* Exercise requirements
The whole listing below should be printed again exactly, with no images.

Data extract: Begin

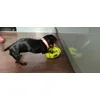 Large ball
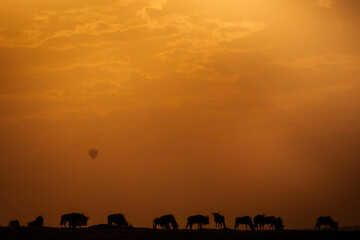 Fototapeta na wymiar Sunrise in the Masai Mara with hot air balloons rising into the sky with a line of wildebeest in silhouette on a small ridge 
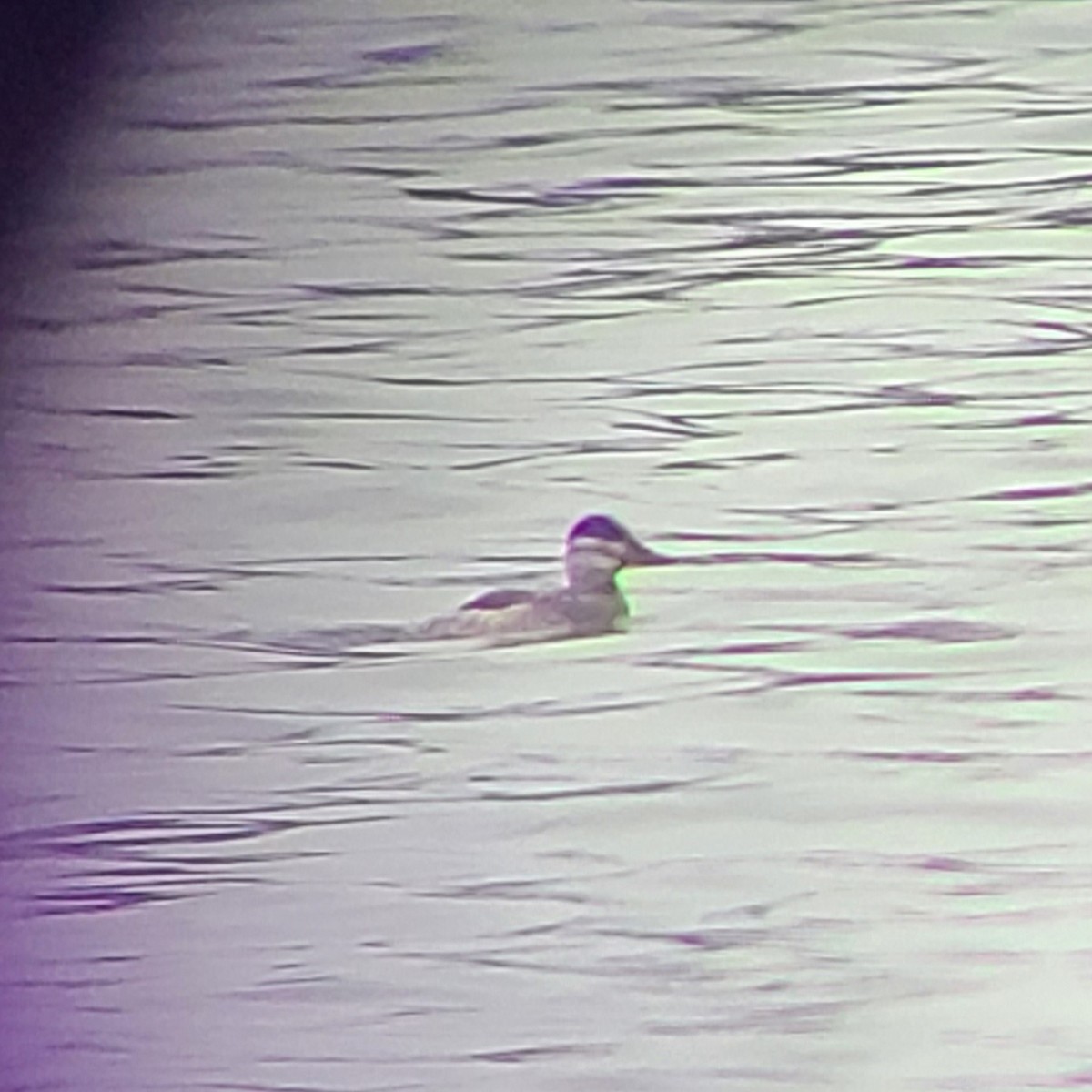 Ruddy Duck - ML433558151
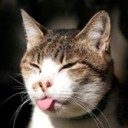 สมาชิกหมายเลข 2962275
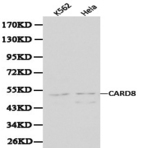 Bs6022_wb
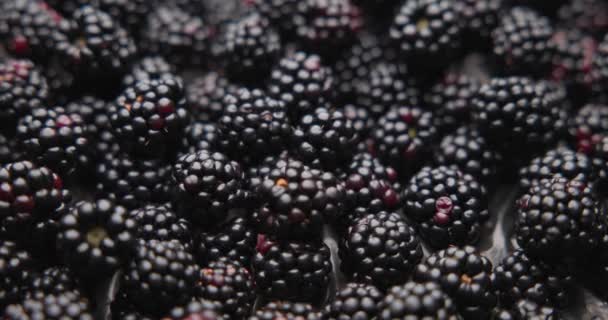 Healthy Organic Juicy Blackberry Fruit Berrie Macro Fondo — Vídeos de Stock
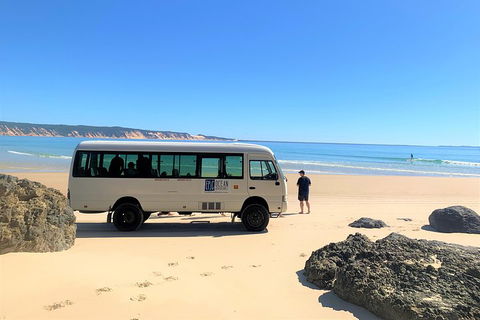 Kayak With Dolphins And 4WD Great Beach Drive Day Trip From Noosa - Accommodation Sunshine Coast 4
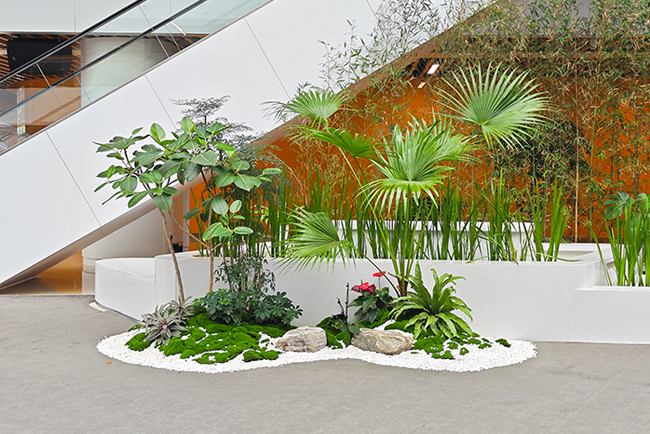 ��������Ժ��ֲ���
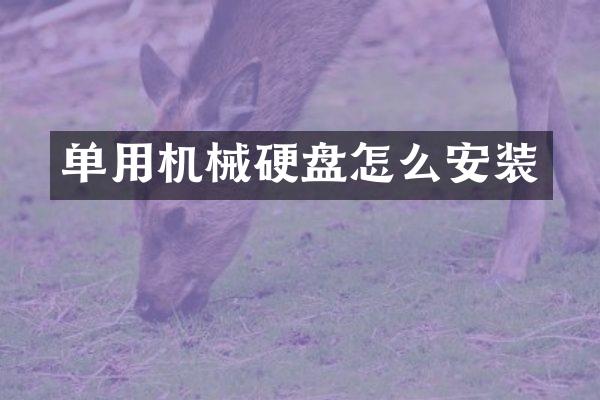 单用机械硬盘怎么安装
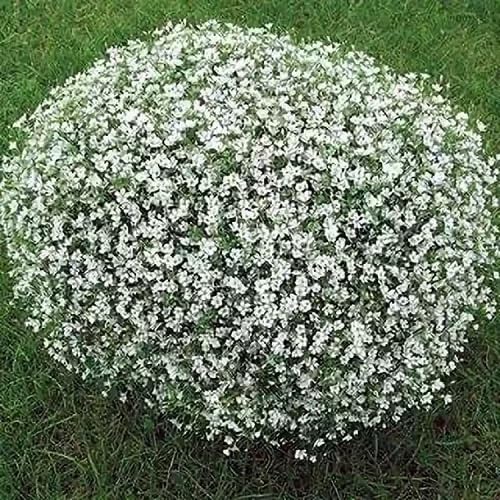 White Creeping Thyme Plant Seeds herb seeds - sustainable gardening, high germination garden seeds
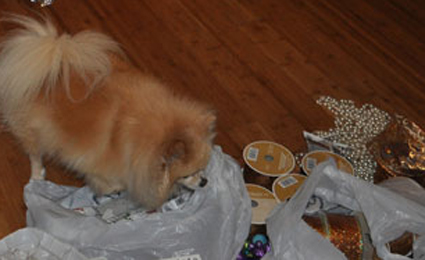 My fluffy helper getting things out of the bag and ready for the tree.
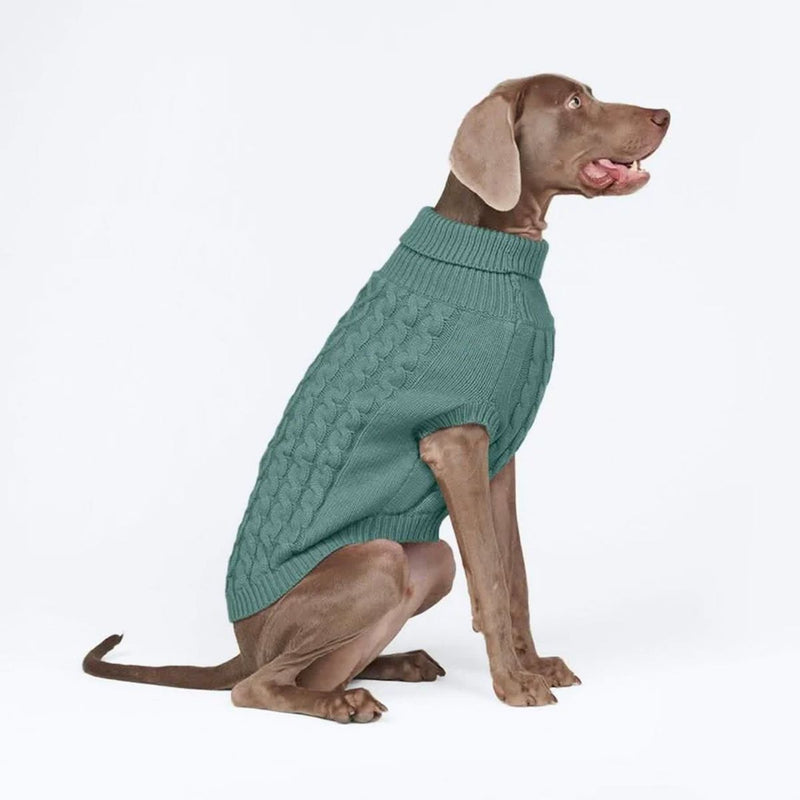 Suéter de punto de trenzas para perros - Verde pino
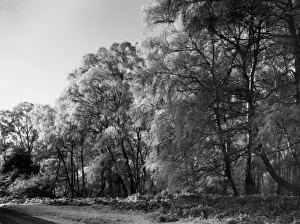 Birches Prints: Silver Birches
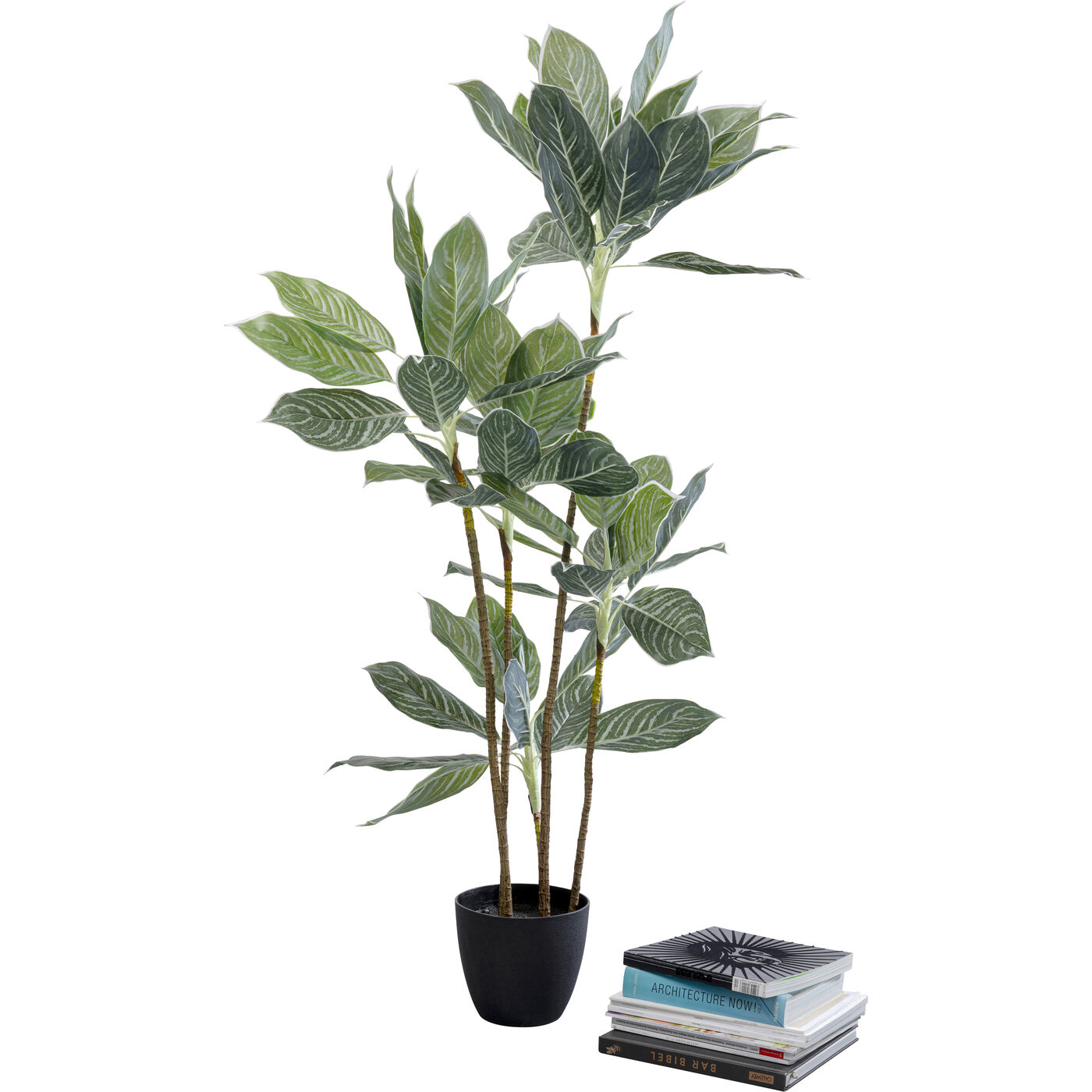Растение декоративное Calathea «Калатея» 140 см от KARE Design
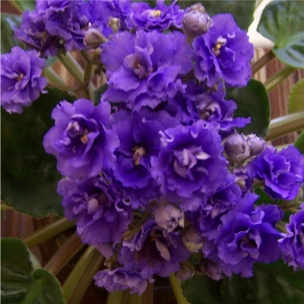 African Violet Energies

Data extract: End

* The completed task
 Large ball
 Fototapeta na wymiar Sunrise in the Masai Mara with hot air balloons rising into the sky with a line of wildebeest in silhouette on a small ridge 
 Ruddy Duck - ML433558151
 สมาชิกหมายเลข 2962275
 Bs6022_wb
 Healthy Organic Juicy Blackberry Fruit Berrie Macro Fondo — Vídeos de Stock
 Kayak With Dolphins And 4WD Great Beach Drive Day Trip From Noosa - Accommodation Sunshine Coast 4
 ��������Ժ��ֲ���
 单用机械硬盘怎么安装
 White Creeping Thyme Plant Seeds herb seeds - sustainable gardening, high germination garden seeds
 My fluffy helper getting things out of the bag and ready for the tree.
 Suéter de punto de trenzas para perros - Verde pino
 Birches Prints: Silver Birches
Растение декоративное Calathea «Калатея» 140 см от KARE Design
 African Violet Energies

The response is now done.